Not Applicable
Traditional machine learning based regression models require the application of truth set data (“actuals”) for training the model and increasing predictive accuracy. However, in some environments, a technical, regulatory, or legal constraint may impose a firewall or otherwise prohibit the availability of actuals for training the model. As a result, there are many areas where regression models would be useful but cannot be taken advantage of by conventional methods.
The present disclosure contemplates various systems and methods for overcoming the above drawbacks accompanying the related art. One aspect of the embodiments of the present disclosure is a method of training a machine learning regression model. The method may comprise defining a prediction accuracy grading function, the prediction accuracy grading function being a many-to-one function that maps prediction accuracies to proxies, each of the prediction accuracies being derivable from a respective prediction of the model and a corresponding actual. The method may further comprise receiving a plurality of proxies corresponding respectively to a plurality of predictions of the model and, for each of the plurality of proxies, deriving a corresponding approximated actual according to the prediction accuracy grading function. The method may further comprise, for each of the plurality of predictions of the model, calculating an approximated residual based on the corresponding approximated actual. The method may further comprise adjusting the model based on the approximated residuals.
Another aspect of the embodiments of the present disclosure is a computer program product comprising one or more non-transitory program storage media on which are stored instructions executable by one or more processors or programmable circuits to perform operations for training a machine learning regression model. The operations may comprise defining a prediction accuracy grading function, the prediction accuracy grading function being a many-to-one function that maps prediction accuracies to proxies, each of the prediction accuracies being derivable from a respective prediction of the model and a corresponding actual. The operations may further comprise receiving a plurality of proxies corresponding respectively to a plurality of predictions of the model and, for each of the plurality of proxies, deriving a corresponding approximated actual according to the prediction accuracy grading function. The operations may further comprise, for each of the plurality of predictions of the model, calculating an approximated residual based on the corresponding approximated actual. The operations may further comprise adjusting the model based on the approximated residuals.

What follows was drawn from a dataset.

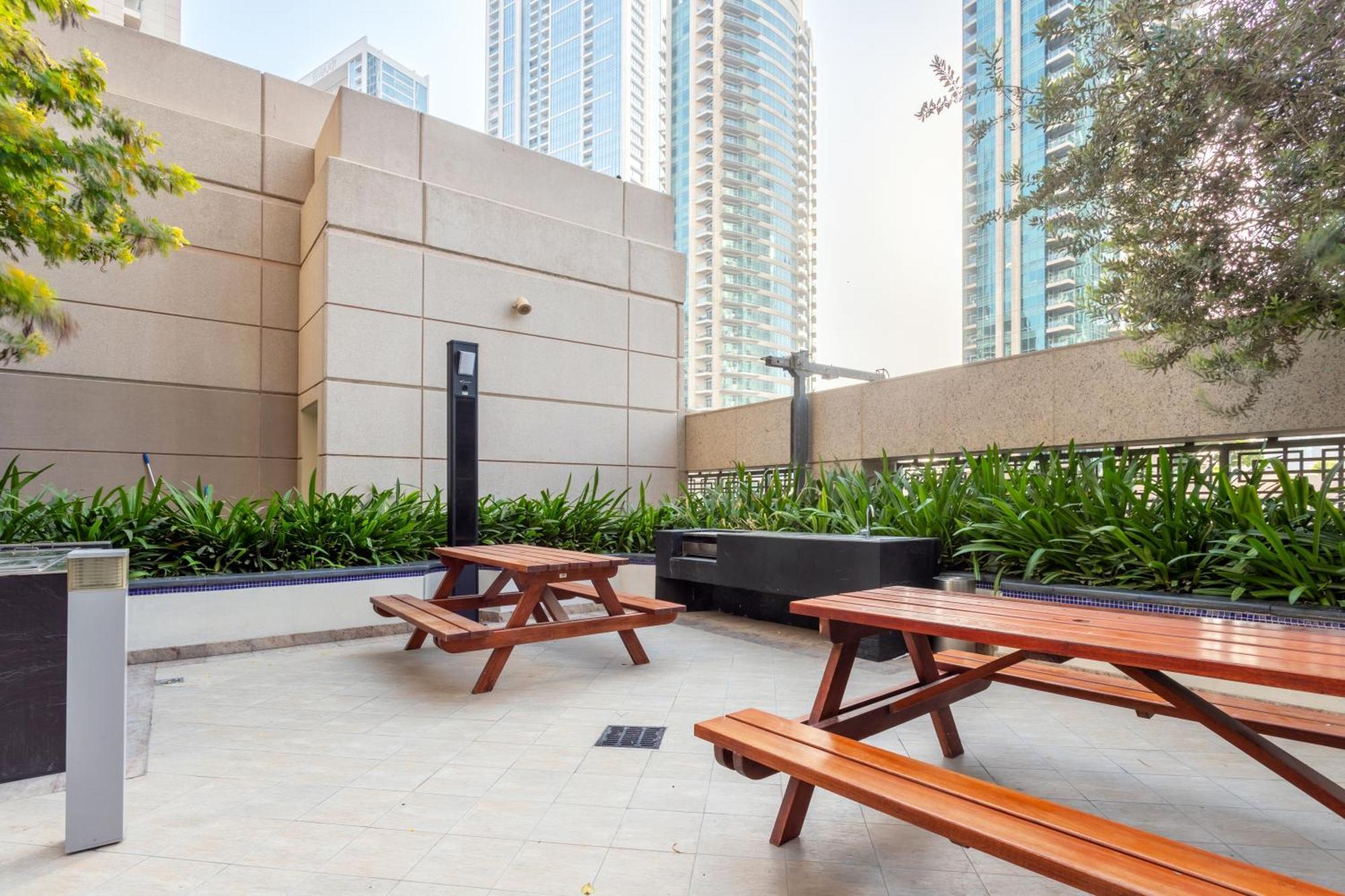 Standpoint - Elegant Upgraded In Downtown Apartment *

Another aspect of the embodiments of the present disclosure is a system for training a machine learning regression model. The system may comprise one or more databases for storing a prediction accuracy grading function, the prediction accuracy grading function being a many-to-one function that maps prediction accuracies to proxies, each of the prediction accuracies being derivable from a respective prediction of the model and a corresponding actual. The system may further comprise one or more computers operable to receive a plurality of proxies corresponding respectively to a plurality of predictions of the model and, for each of the plurality of proxies, derive a corresponding approximated actual according to the prediction accuracy grading function. The one or more computers may be further operable to calculate an approximated residual for each of the plurality of predictions of the model based on the corresponding approximated actual and to adjust the model based on the approximated residuals.
The system may further comprise one or more remote computers operable to receive the plurality of predictions of the model and a corresponding plurality of actuals, derive prediction accuracies from the predictions and the actuals, and map the prediction accuracies to proxies according to the prediction accuracy grading function to generate the plurality of proxies.

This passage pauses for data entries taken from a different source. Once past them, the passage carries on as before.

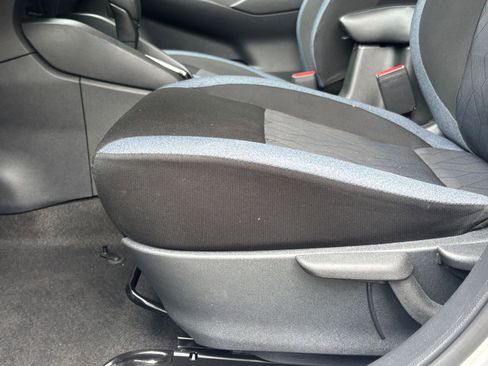 Used 2025 Nissan Versa SV FWD image 27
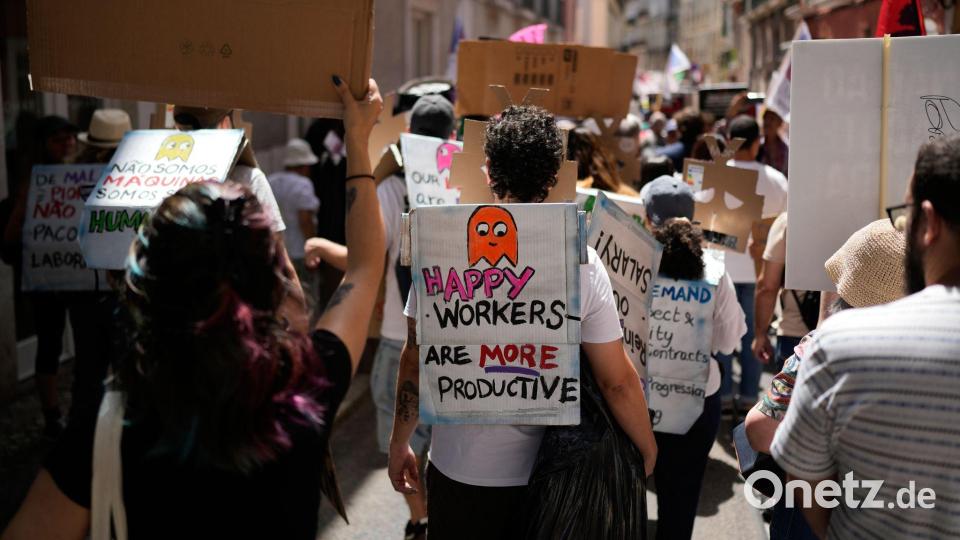 „Happy Workers are more productive“ (Glückliche Menschen sind produktiver), heißt es bei einem Demonstranten wärhend eines eintägigen Generalstreiks gegen die geplante Arbeitsmarktreform der konservativen Regierung. Bild: Armando Franca/AP/dpa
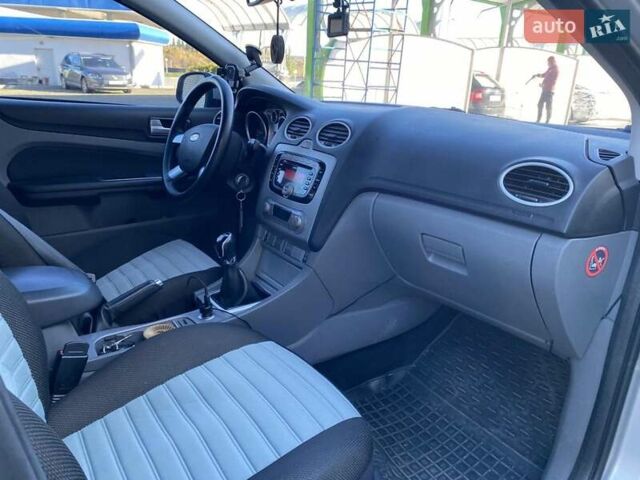 Сірий Форд Фокус, об'ємом двигуна 1.6 л та пробігом 290 тис. км за 5800 $, фото 12 на Automoto.ua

These and other features and advantages of the various embodiments disclosed herein will be better understood with respect to the following description and drawings, in which like numbers refer to like parts throughout, and in which:
The present disclosure encompasses various embodiments of systems and methods for training a machine learning based regression model, especially under circumstances in which truth set data is unavailable. The detailed description set forth below in connection with the appended drawings is intended as a description of several currently contemplated embodiments and is not intended to represent the only form in which the disclosed subject matter may be developed or utilized. The description sets forth the functions and features in connection with the illustrated embodiments. It is to be understood, however, that the same or equivalent functions may be accomplished by different embodiments that are also intended to be encompassed within the scope of the present disclosure. It is further understood that the use of relational terms such as first and second and the like are used solely to distinguish one from another entity without necessarily requiring or implying any actual such relationship or order between such entities.
Referring to
In the example of Table 1, the proxies output by the prediction accuracy grading function are in the form of letter grades A to I with “better” grades (i.e., closer to A) representing better prediction accuracy and with the positive/negative indicators +/− denoting whether the prediction was too high or two low relative to the actual (i.e., whether the percentage difference was positive or negative). As can be seen, the size of each bucket need not necessarily be the same. The prediction accuracy grading function may be a piecewise function that simply maps arbitrarily defined ranges of prediction accuracy to proxies as shown. Referring back to
The operational flow of
The operational flow of
Referring back to
In general, it can be appreciated that the firewall constraints on the transmission of actuals may result in one or more of the following constraints on the proxy values:
Aspects of the techniques described herein may be represented by the multi-step process illustrated in
In general, it is contemplated that the definition of the prediction accuracy grading function, including, for example, the assignment of prediction accuracy values to buckets, may be optimized in view of the particular constraints of a given deployment of the disclosed system 100. For instance, in a case where legal, regulatory, and/or technical constraints mandate a maximum accuracy (e.g., accuracy of no greater than 90% or +/−5% i.e. x=0.05), it may be critical that the grading function have low resolution for predictions that are near the actuals, (e.g., within 5% of the actuals). This may be reflected in the choice of larger bucket sizes for more accurate predictions. Referring to Table 1, for example, such a +/−5% constraint is met by the A− and A+ ranges of −0.050 to 0.000 and 0.000 to 0.050, respectively, assuming that directionality (i.e., positive/negative indicators like “+” and “−”) is allowed by the constraints. Meanwhile, for predictions that are far from the actuals, such as the H and I grades, it may be permissible for the resolution to be much greater, allowing for smaller buckets (e.g., −0.999 to −0.990 for I− and 0.990 to 0.999 for I+). From the perspective of the entity that is interested in protecting the data, the high resolution of these smaller buckets may be of no concern. On the other hand, from the perspective of the entity training the model 10, it may counterintuitively be the case that the training efficiency benefits greatly from high resolution evaluation of these far-from-accurate predictions. That is, the difference between a prediction's being 10,000 percent and 20,000 percent away from the actual may not be meaningful to the owner of the data but may be extremely significant for improving the performance of the model 10. The nature of the constraints may thus inform how the prediction accuracy grading function is to be defined for a given application. This approach exploits the fact that, while constraints on the machine learning model may typically only set out an initial threshold limit, the way machine learning models get better is often by identifying improvements based on where the model has the largest deviations. Hence, this approach, while meeting the constraints, may place greatest importance on the largest prediction errors (i.e., the largest residuals) to dramatically improve the machine learning model's performance.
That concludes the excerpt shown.